Furthermore they don't have a lander. Landing on the moon is hard. So hard that almost everybody who tries it fails, especially if the lander is top-heavy. And the SpaceX lander idea is very top-heavy.

Finally, the NASA budget has been hollowed out. Even if the two big show stoppers above were easy, the lack of money would stop the project.

1 comments

I suspect Space X has a pretty strong inkling about how to do in-space refueling. They know how to dock in orbit, they have conducted internal propellant transfer tests, they know how to offload payload from ship in orbit and keep control of it, they know how to make autonomous quick connect/disconnect couplings for propellant transfer.

They haven't strung everything together yet and it's clearly much more complex than that. Still, pieces are coming together. Why couldn't they do it a dozen times in the next year? They could have an orbital ship launched in Q3 (flight 14), test a tanker and refueling in Q4, and start fueling in the next 3 months.

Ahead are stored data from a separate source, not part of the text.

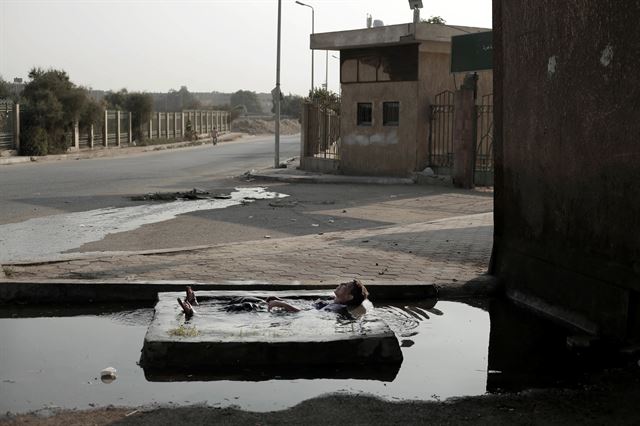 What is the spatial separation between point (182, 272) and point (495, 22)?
14.0ft

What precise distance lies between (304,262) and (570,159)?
11.3 ft

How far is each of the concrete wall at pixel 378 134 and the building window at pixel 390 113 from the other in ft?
0.42

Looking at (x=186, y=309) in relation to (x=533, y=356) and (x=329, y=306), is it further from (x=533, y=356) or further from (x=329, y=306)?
(x=533, y=356)

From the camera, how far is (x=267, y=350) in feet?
18.1

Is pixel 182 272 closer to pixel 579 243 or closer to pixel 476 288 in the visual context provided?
pixel 476 288

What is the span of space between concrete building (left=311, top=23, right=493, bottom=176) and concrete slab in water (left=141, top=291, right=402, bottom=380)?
17.4m

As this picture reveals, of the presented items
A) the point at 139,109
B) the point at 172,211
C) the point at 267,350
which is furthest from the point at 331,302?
the point at 139,109

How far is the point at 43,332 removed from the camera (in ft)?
21.3

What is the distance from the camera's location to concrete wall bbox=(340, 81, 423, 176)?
904 inches

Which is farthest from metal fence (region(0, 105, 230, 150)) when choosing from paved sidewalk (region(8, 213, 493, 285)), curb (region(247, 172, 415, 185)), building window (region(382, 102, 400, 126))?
paved sidewalk (region(8, 213, 493, 285))

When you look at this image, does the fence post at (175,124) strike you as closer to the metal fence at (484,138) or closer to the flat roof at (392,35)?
the flat roof at (392,35)

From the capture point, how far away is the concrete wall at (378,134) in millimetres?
22953

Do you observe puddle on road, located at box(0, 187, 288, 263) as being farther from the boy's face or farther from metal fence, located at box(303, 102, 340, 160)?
metal fence, located at box(303, 102, 340, 160)

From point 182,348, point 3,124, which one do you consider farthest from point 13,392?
point 3,124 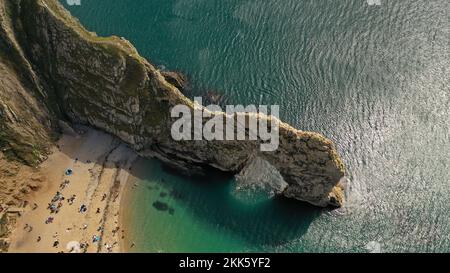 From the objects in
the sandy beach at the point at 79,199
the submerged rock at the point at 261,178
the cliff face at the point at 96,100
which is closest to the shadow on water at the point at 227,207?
the submerged rock at the point at 261,178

That implies all the test flights go well which is a pretty long shot, but not out of the realm of possibility. Although I think it will ship reuse that will be the problem keeping them from that within a year, rather than in-orbit refueling which I suspect won't take them more than a couple of tries to get right. Reentry still looks like a beast of a problem. It's one thing to have enough of your vehicle hanging together to land it, quite another thing again to have it back in a condition you'd be able to start fueling it up again ready for the next launch and reentry to do it all again, even in days or weeks instead of hours like Space X are aiming for.